The couple collaborated with residential designer Jeff Murphy of Murphy & Co. Design and Erotas Building Corp. in Excelsior to create the turn-of-the-century East Coast-inspired design.
Flickering glass lanterns atop stone monuments guide visitors to the welcoming front portico of the gray-shingled home. Murphy added Old World copper gutters to the traditional gabled facade. A cupola gracing the garage roof is reminiscent of homes on Martha's Vineyard.
Inside the 5,100-square-foot home, the spaces are embellished with Craftsman-era details, yet convey a clean and simple aesthetic.
"I'm a detailed-oriented person," said Lombardo, who was involved in the process from start to finish. "They really set this house apart from others." He chose the finials on exposed hinges, staircase balusters modeled after homes in reference books and switch-plate covers that mimic the interior wood molding.
Briese, an avid cook, helped design the chef's kitchen, which is outfitted with a pot filler, farmhouse-style double sink and multifunctional Wolf range.

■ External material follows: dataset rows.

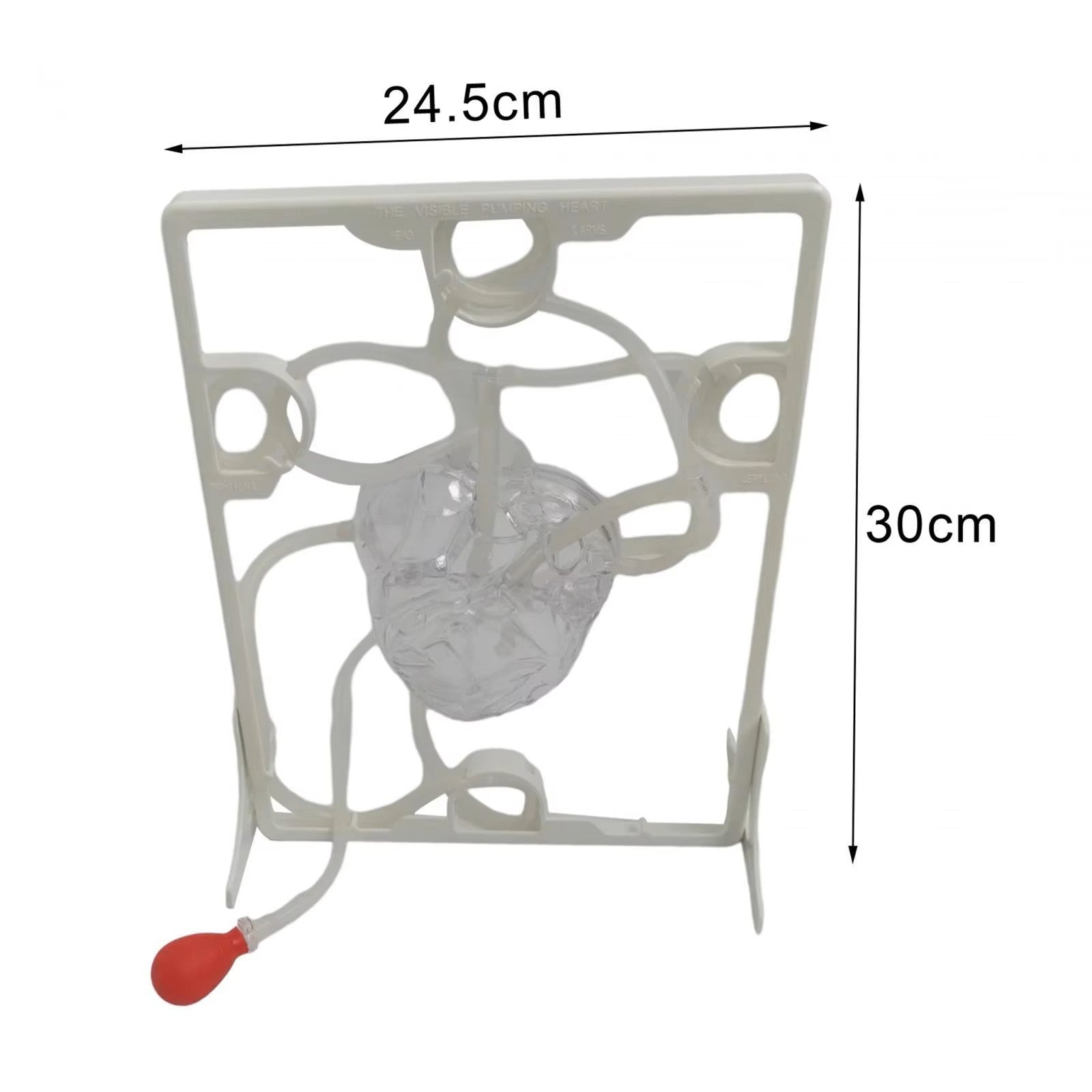 Modelo de Circulação Cardíaca para Aula, Simulação Educação Científica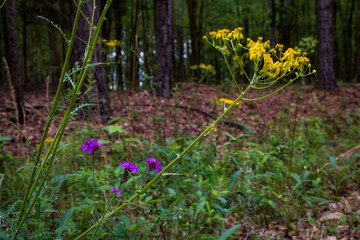 wildflowers in the forest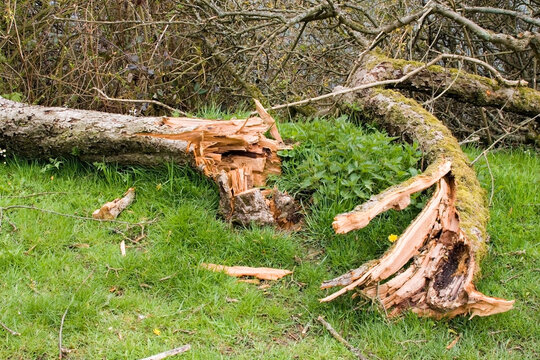 Sturmschaden Obstbaum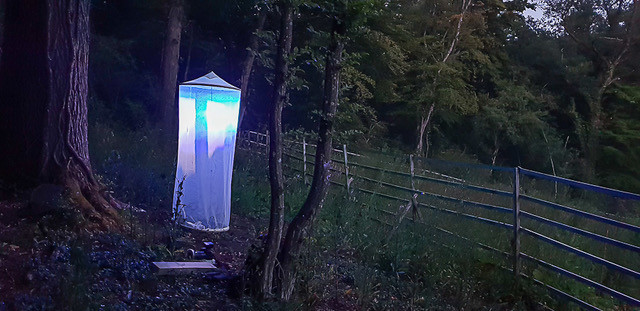  The light tent Gerend uses to attract moths   Raoul Gerend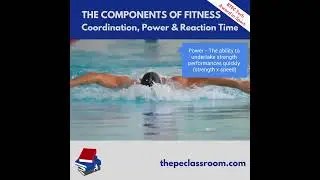 BTEC The Components of Fitness P6 Coordination, Power & Reaction Time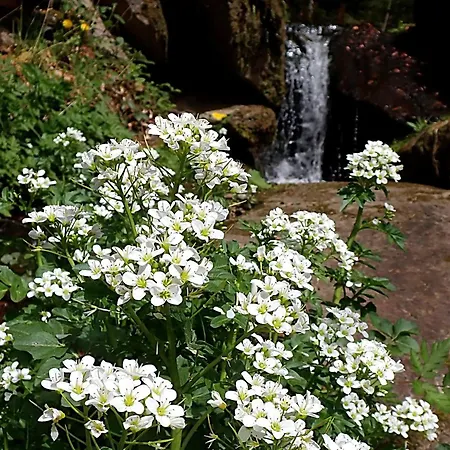 Raczkowski * Birkfeld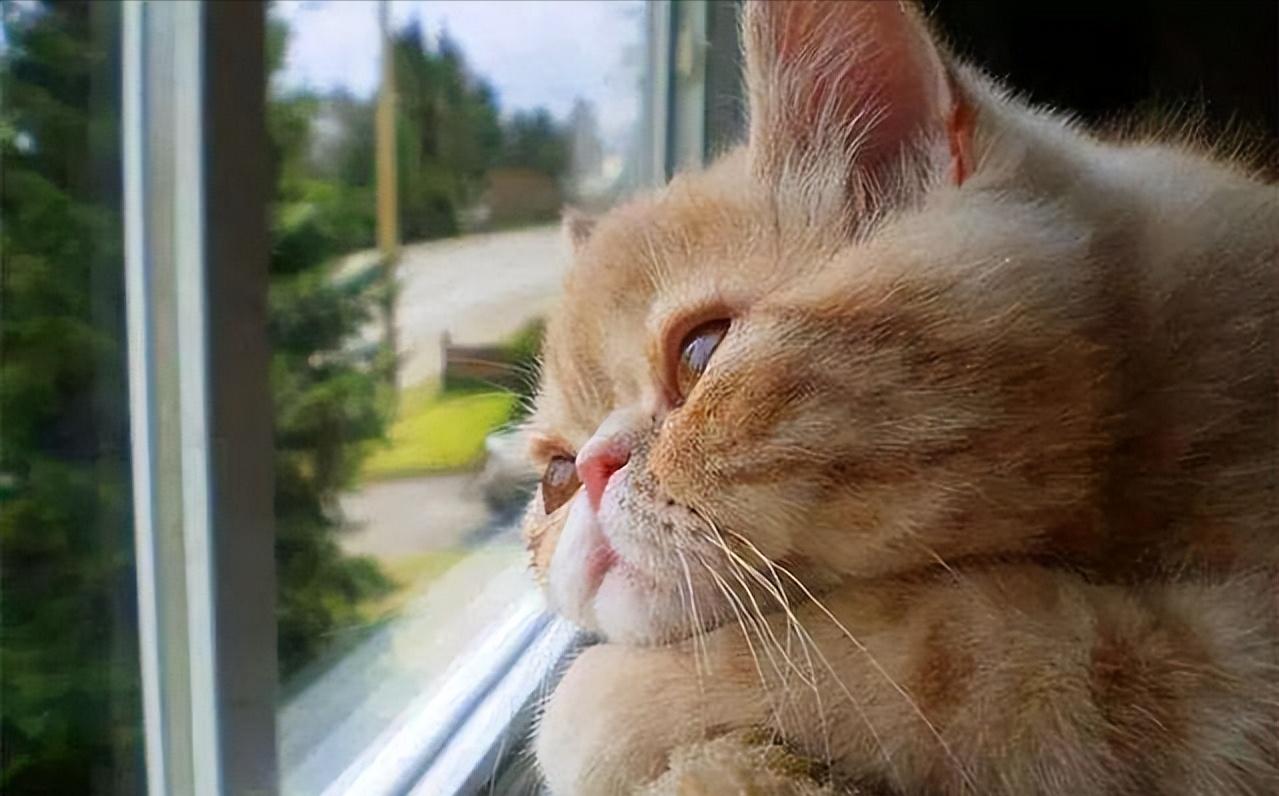 有这几个特征的猫咪不能养,被养得好的猫咪会有哪些特征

The dove white flat-paneled kitchen cabinets act as a neutral backdrop to the black furniture-style center island. "We like the clean, classic contrast of black and white," said Briese.
That look is popular with many homeowners, according to Holly Erotas, owner of Erotas Building. "Most of our clients today want cleaned-up traditional," she said. "Fresh and updated, but still classic. "
As in most of today's open-floor plans, the kitchen flows into the great room, which is defined by a gray-painted coffered ceiling. The far wall in the great room holds a media cabinet and gas log fireplace and is covered with ebony-stained wood paneling that matches the kitchen center island.
"The fireplace is a bit off-center, like one I saw in an old Pennsylvania farmhouse," said Murphy. "It gives it authenticity."
The large screen porch off the kitchen creates an indoor-outdoor connection to the wooded landscape and back-yard lake. Briese calls the porch "our cabin," and Murphy warmed it up with a dark-stained beadboard ceiling above a wood-burning fireplace.
But the family will have to wait until the Parade is over before they can use their fireplace. After more than a year of planning and picking out everything from cabinet hardware to light fixtures, Lombardo, Briese and their daughter, Olivia, are eager to move in.
For their first dinner, Briese plans to prepare a three-meat ragu sauce and pull a bottle of wine from the walk-in wine cellar in the finished lower level.
"It's exciting to see your vision become a reality and be able to live it every day," said Lombardo.